1. I don't know what version of windows you used, or what office program.  That makes reproduction very difficult.  Please send that information.

2. The behavior you see may be due to share modes, and 100% normal. please verify.

3. When we used smbclient to put a file to a tiered volume and then ran "ls" from another client, we showed a 0 byte size.  When the tier was removed, the file showed the correct size.

Clearly #3 is a bug, and the type of bug that might make office or any other app behave strange.  I'd like us to get that cleaned up before looking into this in more detail.

Thanks,

-Ira

Comment 5 Ira Cooper 2016-04-07 11:00:16 UTC
To be clear: .docx means Word here?

And how much time is spent between operations?  (Tiering means timing matters, alas.)

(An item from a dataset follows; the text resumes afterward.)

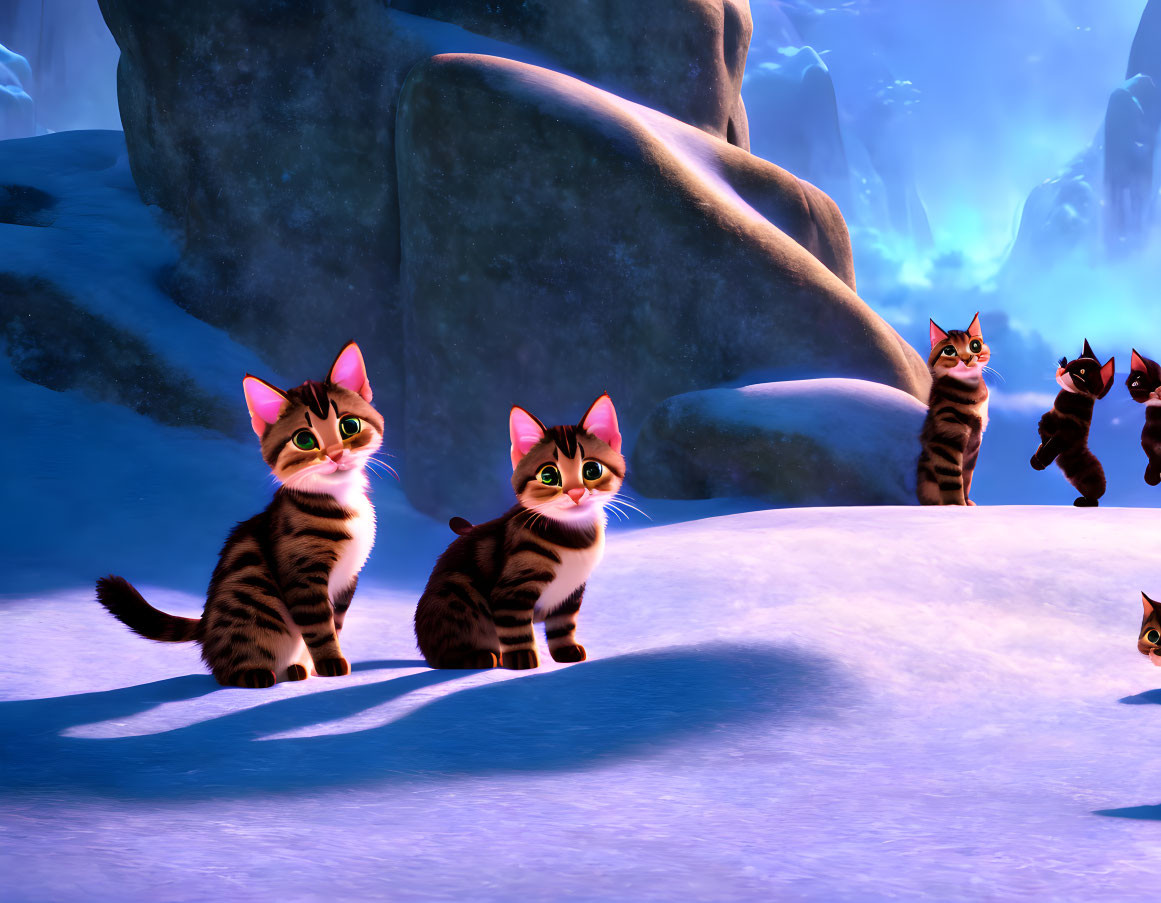 Colorful Kittens Explore Whimsical Icy World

Also, can you reproduce the issue without office, just using smbclient?

What is the type of error thrown?

But this is a big improvement, and a big step in the right direction.

Thanks,

Comment 6 rjoseph 2016-04-13 15:07:53 UTC
I debugged the problem little more and found that the exact problem is rename. 

The following set of operations can easily recreate the problem


Client1:
+ test.txt is accessbile

Client2:
+ test.txt is accessible

Client1:
+ create new file ("new.txt")
+ rename new.txt to test.txt
+ test.txt is accessible

Client2:
+ test.txt is NOT accessible

If time permits I will do little more investigation on the same.

Comment 7 Michael Adam 2016-04-13 15:59:30 UTC
(In reply to rjoseph from comment #6)
> I debugged the problem little more and found that the exact problem is
> rename. 
> 
> The following set of operations can easily recreate the problem
> 
> 
> Client1:
> + test.txt is accessbile
> 
> Client2:
> + test.txt is accessible
> 
> Client1:
> + create new file ("new.txt")
> + rename new.txt to test.txt
> + test.txt is accessible
> 
> Client2:
> + test.txt is NOT accessible
> 
> If time permits I will do little more investigation on the same.

Thanks for the analysis!

It looks very plausible to me that the above pattern, should be a reproducer. It should be able to repro it with that in smbclient.

Can you confirm that, Rajesh?

Comment 8 rjoseph 2016-04-13 16:55:29 UTC
The problem is reproducible via smbclient as well.

client1:

smb: \> open bad.txt
open file \bad.txt: for read/write fnum 50799
smb: \> close 50799
smb: \> rm bad.txt 
smb: \> rename sample.txt bad.txt


client2:

smb: \> open bad.txt 
open file \bad.txt: for read/write fnum 64454
smb: \> close 64454
smb: \> open bad.txt 
Failed to open file \gala.txt. NT_STATUS_INVALID_PARAMETER


I opened two smbclient session and performed the above operations interactively.

Initially bad.txt is accessible by both the clients, but once I renamed the file I could not open it again.

Comment 9 rjoseph 2016-04-14 11:51:25 UTC
Update after further analysis of the bug:

Currently the problem is seen if the cold/hot tier is a disperse volume. This prompted me to check disperse volume directly without tiered volume.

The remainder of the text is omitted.